### WHAT IS REQUIRED:
Your answer should hold exactly the lines below from the line with "Foldable Keep Warm" through the line with "Brave Fencer Musashi", both included, and no pictures at all.

### TASK INPUTS:
-- -- --

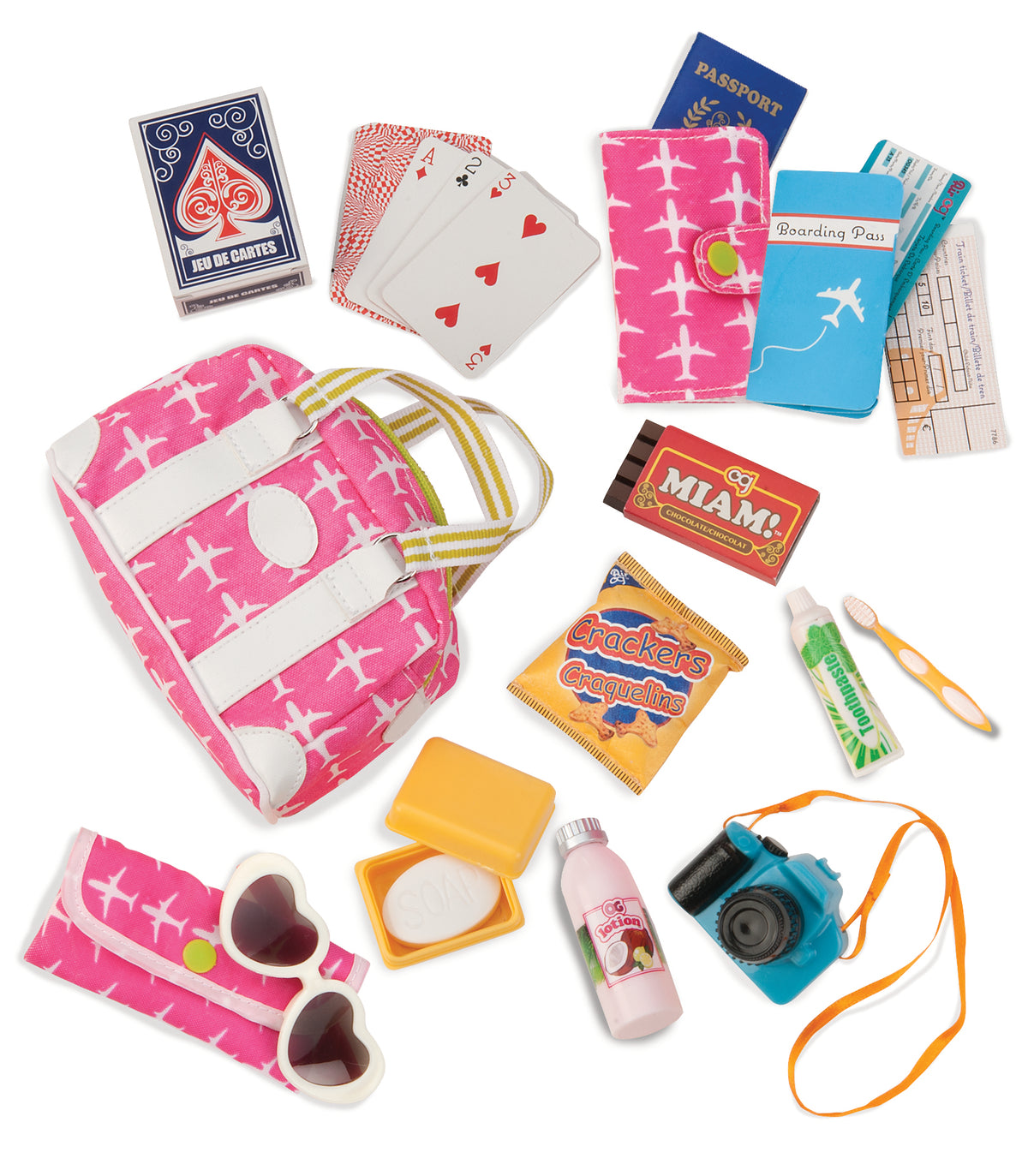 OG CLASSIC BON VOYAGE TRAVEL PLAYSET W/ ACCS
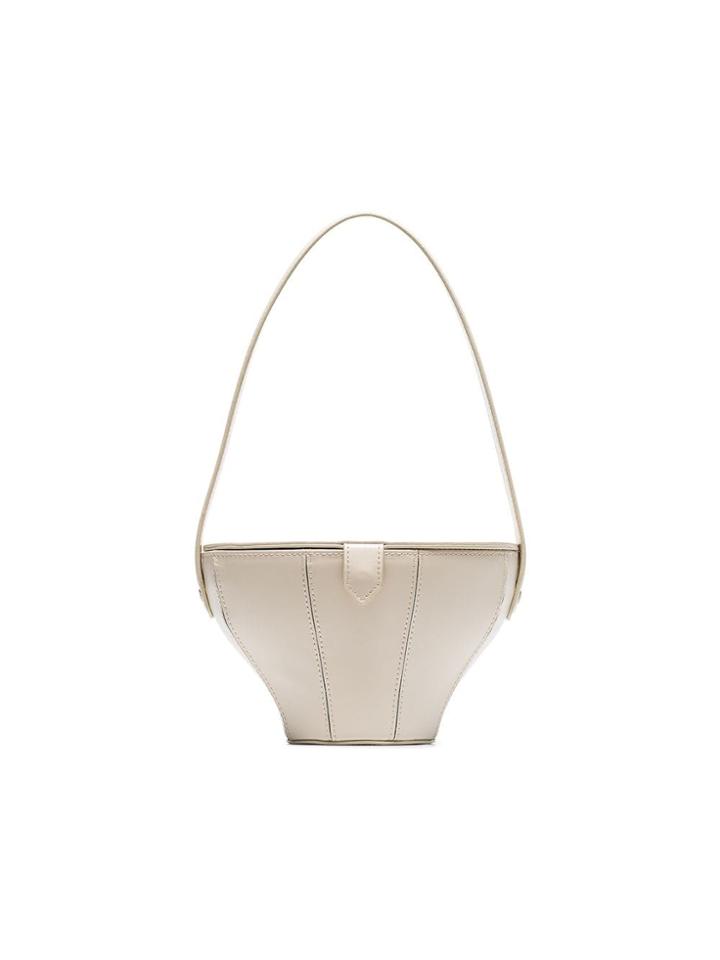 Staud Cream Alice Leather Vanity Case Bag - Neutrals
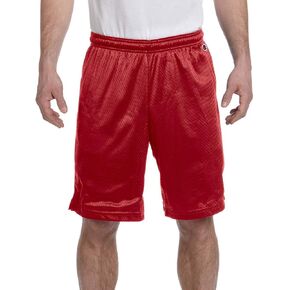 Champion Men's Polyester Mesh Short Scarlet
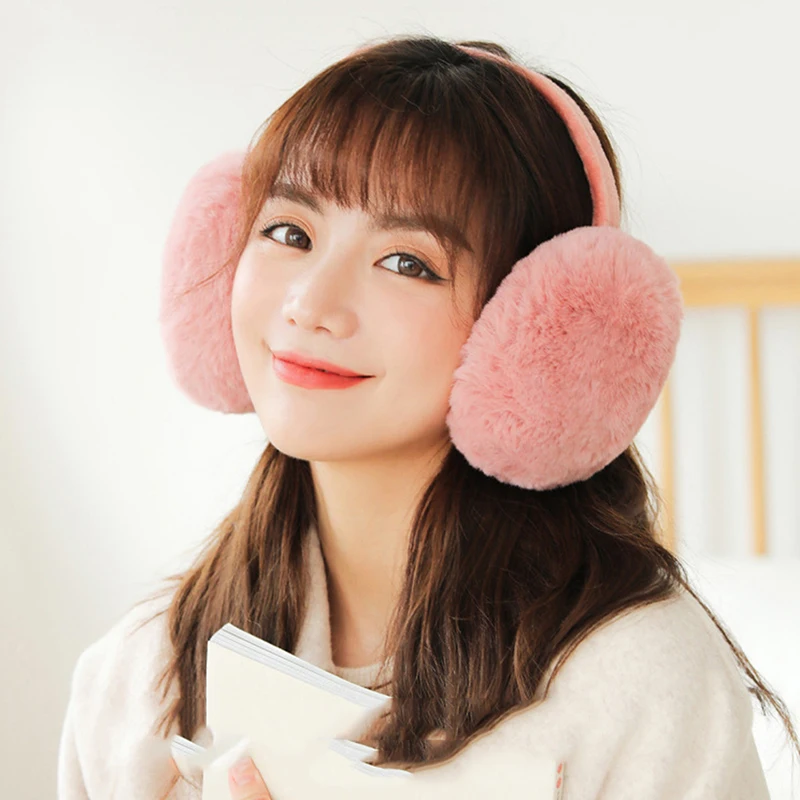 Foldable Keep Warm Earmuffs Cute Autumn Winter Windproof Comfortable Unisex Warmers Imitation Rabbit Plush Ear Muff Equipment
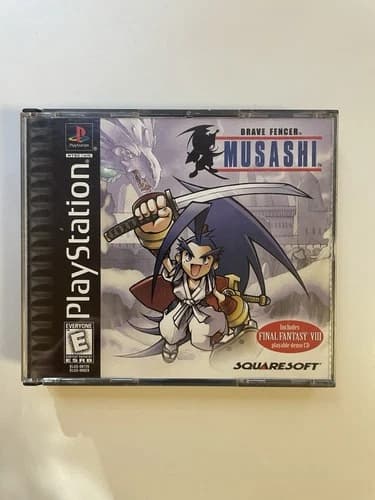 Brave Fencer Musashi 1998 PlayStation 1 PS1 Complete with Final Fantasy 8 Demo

-- -- --

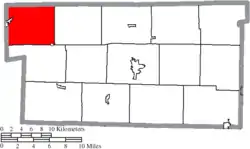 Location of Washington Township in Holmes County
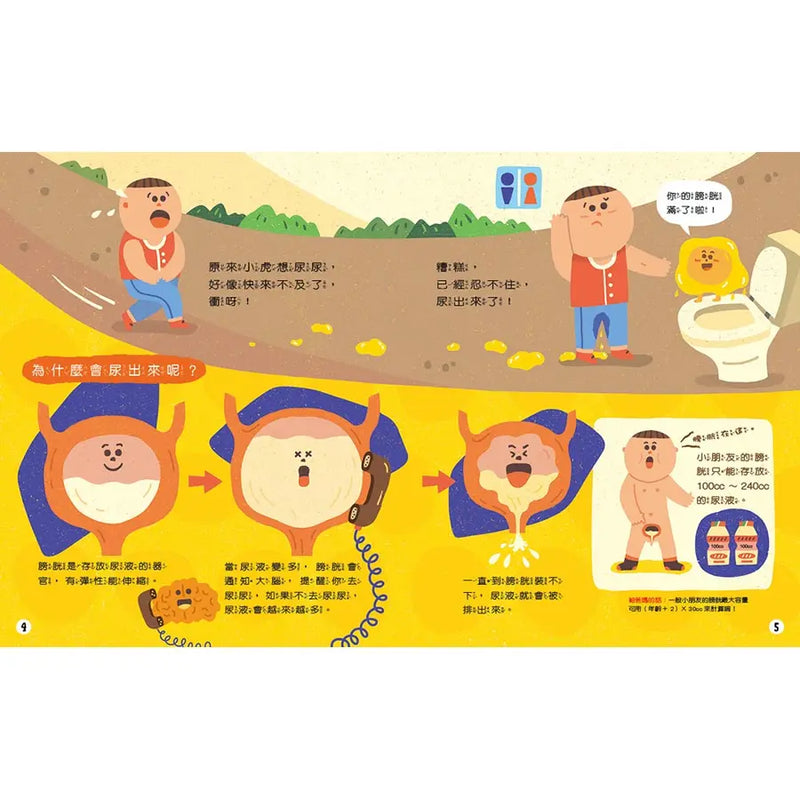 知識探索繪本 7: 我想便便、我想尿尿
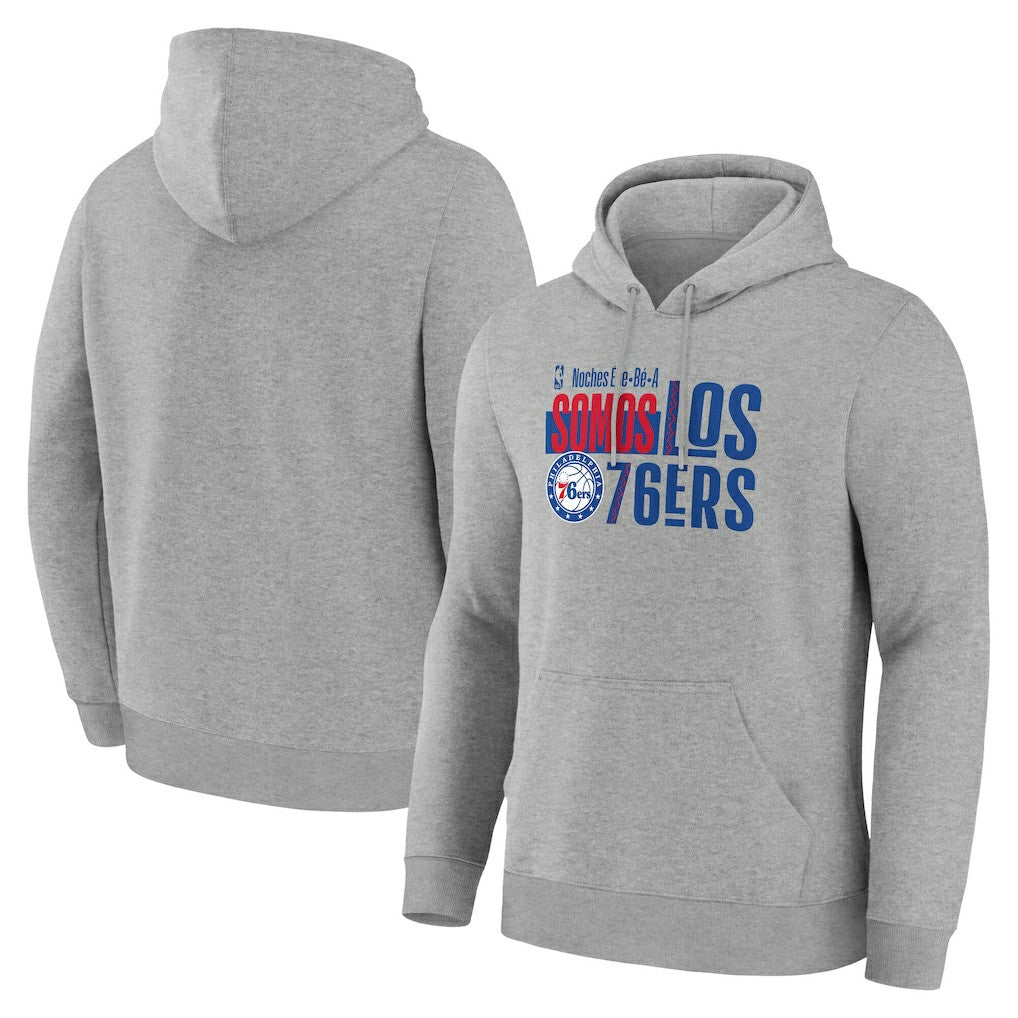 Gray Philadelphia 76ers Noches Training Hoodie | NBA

-- -- --

### PROBLEM SOLUTION:
 Foldable Keep Warm Earmuffs Cute Autumn Winter Windproof Comfortable Unisex Warmers Imitation Rabbit Plush Ear Muff Equipment
 Brave Fencer Musashi 1998 PlayStation 1 PS1 Complete with Final Fantasy 8 Demo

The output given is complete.